I've had this issue since I started using Unity, only I've never had it as a pressing enough problem to warrant exploring too much, but after much searching around and finding no other immediately visible topics on the issue (though there may be some which I simply have not found) I wanted to find out if this is a known issue and if there's anything I can do about it.
Essentially often, when I stop an audio clip mid play, or destroy the object upon which the relevant audio source resides, the audio will cut with a awful spluttering click. I'm currently working on a title for full release, and I'm not sure that kind of thing is acceptable for something you would be expecting people to pay money for. Am I simply doing something wrong? I've had this same issue on several different PCs, over more than 2 years, and it happens both in editor and build.
Does anyone have any suggestions?
Answer by Jonatan Crafoord · Oct 15, 2015 at 03:13 PM
When you stop a sound in Unity, or it stops because its AudioSource was destroyed, the sound will stop instantly. This sometimes results in the waveform making a "leap" from high amplitude to zero, which results in the click or pop you're hearing. To solve this, most commercial software for playing back music or other audio make a small fade-out when stopping the sound.
If you want your audio to behave similarly, you can either look at implementing a middleware for playing back sound that includes fades and smooth stops when destroying, or you can program your own little wrapper to do this whenever you stop a sound. If you're going with middleware, I'd recommend Fabric (http://www.tazman-audio.co.uk/).

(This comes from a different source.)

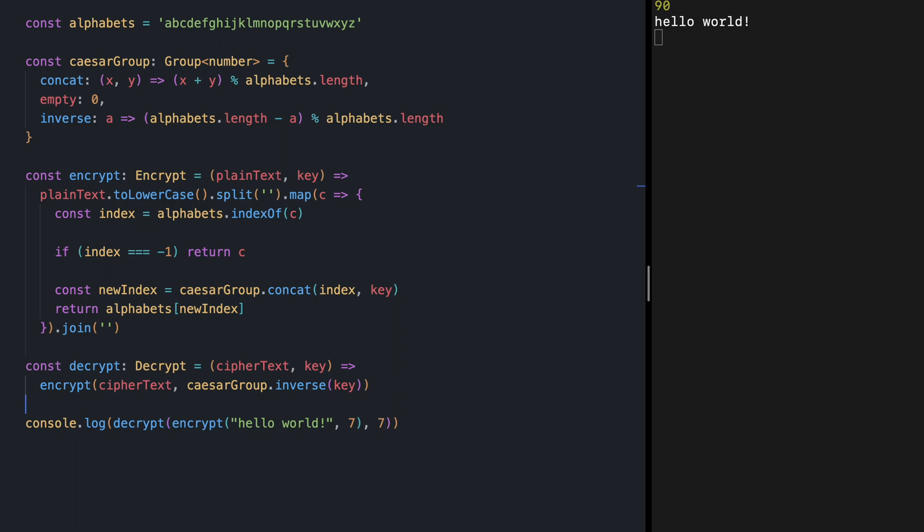As an exercise try to move around these characters inside this alphabet string. Does this make any difference when we encrypt and decrypt with the same key. And with that thank you for watching this video. Please like and subscribe and I will see you in the next one.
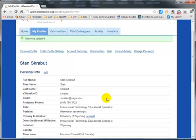This will be displayed for other individuals who wish to know more about you within the extension.org community.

If you want to do it yourself, make a function that lowers the volume of the AudioSource over a short duration, then stops it when it has reached zero. This fade-out can be very short, a tenth of a second could suffice. Note that this will not work when you are destroying objects, unless you first move the AudioSource to a new GameObject at the same position, and destroy that when the sound has stopped.
Good luck!
The thing is I had this isue with the m4 shoot audio, from the image you can see that it has a fade out inside it self. At the end the of it the amplitude is zero so there is no leap and thus there should be no pop/click ? Yet if it is wav and decompress on load you hear the pop/click. Try it your self: https://dl.dropboxusercontent.com/u/70097519/UNITY/m4%20shoot.wav simply make scene with this audio in the audio source and let it play only once. Load type has to be decompress on load.
Answer by aeroson · Oct 12, 2015 at 04:43 PM
I have the same problem, playing the sound thru any other software is just fine. But inside Unity both my runtime import and editor import ends with this spluttering click at the end.
Visualising the AudioClip data shows no artefacts at the end, so it must be issue inside Unity's audio.
I managed to fix it by stopping the audioSource few samples before the end.
void Update()
{
if (audioSource.timeSamples > audioSource.clip.samples - 300) audioSource.Stop();
}
Another fix is to use different Load Type, just not Decompress On Load.
Also another fix is to convert the audio file into different format, converting from wav to mp3 using Audacity worked for me.